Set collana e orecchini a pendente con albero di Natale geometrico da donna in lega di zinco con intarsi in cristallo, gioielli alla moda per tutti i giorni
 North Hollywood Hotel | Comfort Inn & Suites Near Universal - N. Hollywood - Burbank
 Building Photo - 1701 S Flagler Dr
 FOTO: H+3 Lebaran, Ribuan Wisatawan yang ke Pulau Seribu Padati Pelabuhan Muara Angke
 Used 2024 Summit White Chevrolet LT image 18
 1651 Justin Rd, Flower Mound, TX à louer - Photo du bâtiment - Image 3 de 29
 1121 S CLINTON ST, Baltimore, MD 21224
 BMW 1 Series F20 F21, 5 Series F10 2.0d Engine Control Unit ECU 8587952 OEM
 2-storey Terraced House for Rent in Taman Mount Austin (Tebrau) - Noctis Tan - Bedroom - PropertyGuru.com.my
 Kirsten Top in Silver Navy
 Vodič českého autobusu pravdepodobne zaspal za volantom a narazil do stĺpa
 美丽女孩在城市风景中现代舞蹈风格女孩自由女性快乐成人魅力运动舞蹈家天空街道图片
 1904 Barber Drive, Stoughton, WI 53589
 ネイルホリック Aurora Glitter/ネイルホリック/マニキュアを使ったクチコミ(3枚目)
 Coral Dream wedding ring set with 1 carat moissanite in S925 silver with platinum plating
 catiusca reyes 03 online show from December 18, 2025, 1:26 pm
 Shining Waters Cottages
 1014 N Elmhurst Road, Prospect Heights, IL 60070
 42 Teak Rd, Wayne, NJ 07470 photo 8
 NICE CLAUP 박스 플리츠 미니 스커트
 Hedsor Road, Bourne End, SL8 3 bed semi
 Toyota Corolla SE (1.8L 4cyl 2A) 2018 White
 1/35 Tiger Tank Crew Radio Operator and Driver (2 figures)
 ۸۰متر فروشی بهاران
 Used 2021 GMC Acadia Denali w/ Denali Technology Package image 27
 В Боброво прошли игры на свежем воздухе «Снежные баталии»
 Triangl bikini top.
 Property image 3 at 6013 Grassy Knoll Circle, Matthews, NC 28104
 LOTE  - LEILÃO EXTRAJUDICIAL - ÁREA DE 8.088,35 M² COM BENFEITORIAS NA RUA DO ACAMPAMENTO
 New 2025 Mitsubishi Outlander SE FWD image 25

══════

### EXERCISE
Check each line in the records above for the word "Used". Return those that have it.

### EXPECTED ANSWER
 Used 2024 Summit White Chevrolet LT image 18
 Used 2021 GMC Acadia Denali w/ Denali Technology Package image 27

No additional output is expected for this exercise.